Final answer:
The air speed of the planes is 547.5 mi/h, while the wind speed is 27.5 mi/h. This was determined by setting up two equations using the provided ground speeds and solving for the unknowns.
Step-by-step explanation:
The problem provided is one of relative motion, specifically a type of vector addition problem, commonly encountered in introductory physics. Given are the ground speeds of two airplanes flying in opposite directions between Boston, Massachusetts, and Phoenix, Arizona, with different ground speeds due to the wind's effect. The key to solving this problem is understanding that the airspeed (velocity of the plane through the air) is the same for both planes, and the wind speed (velocity of the wind relative to the ground) affects both planes, adding to one and subtracting from the other.
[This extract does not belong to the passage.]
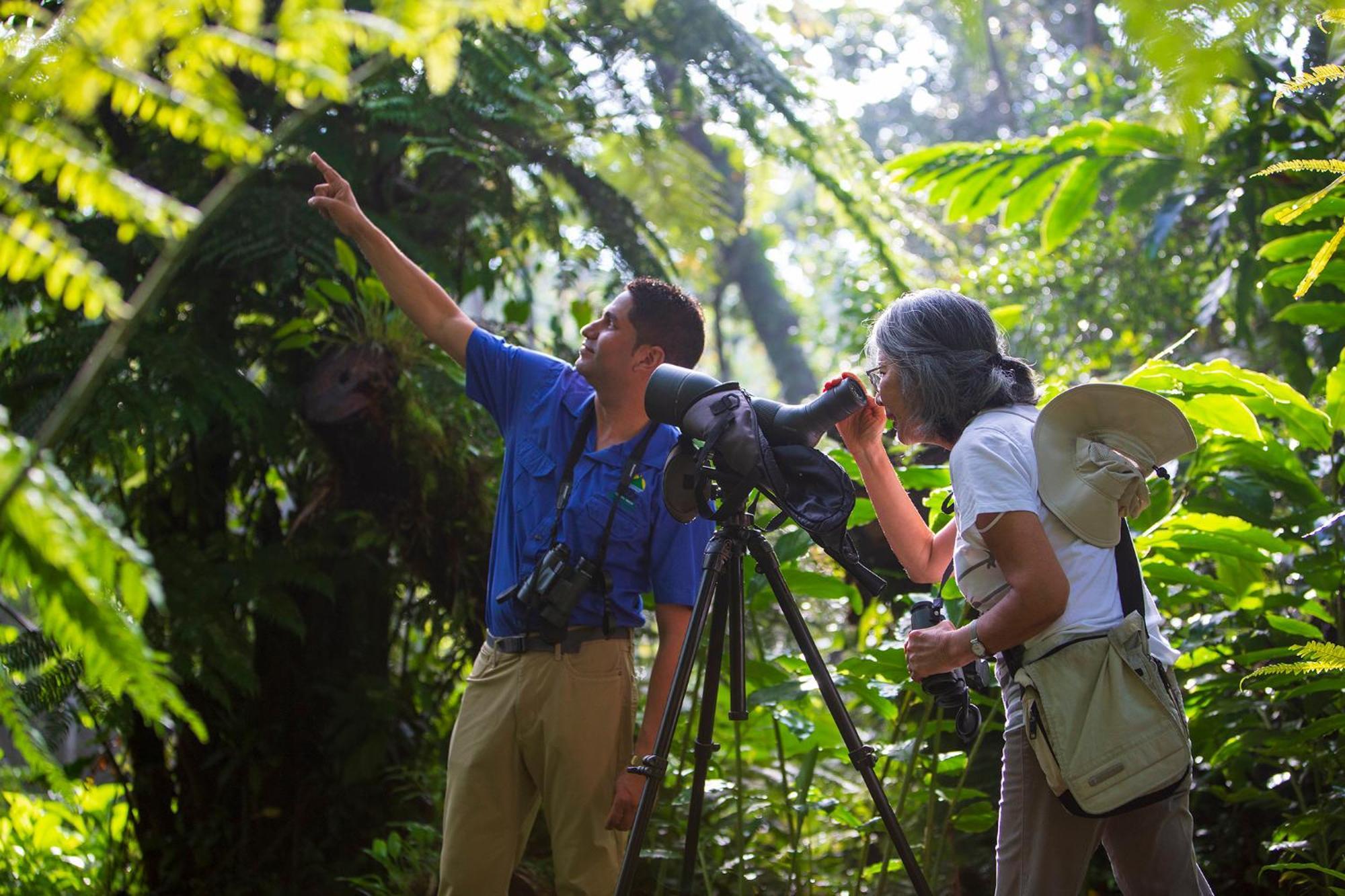 Arenal Observatory & Trails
Let the airspeed of the airplanes be V, and the wind speed be W. For the traveler flying from Boston to Phoenix, the ground speed is V - W = 520 mi/h. For the traveler flying from Phoenix to Boston, the ground speed is V + W = 575 mi/h. We can set up and solve the two equations to find both V (airspeed) and W (wind speed).
- V - W = 520
- V + W = 575
Adding the two equations together eliminates W:
2V = 1095, solving for V gives us the airspeed V = 547.5 mi/h. To find the wind speed W, we can now subtract the first equation from the second:
2W = 575 - 520
W = 55/2
W = 27.5 mi/h
The air speed of the planes is 547.5 mi/h, and the wind speed affecting them is 27.5 mi/h.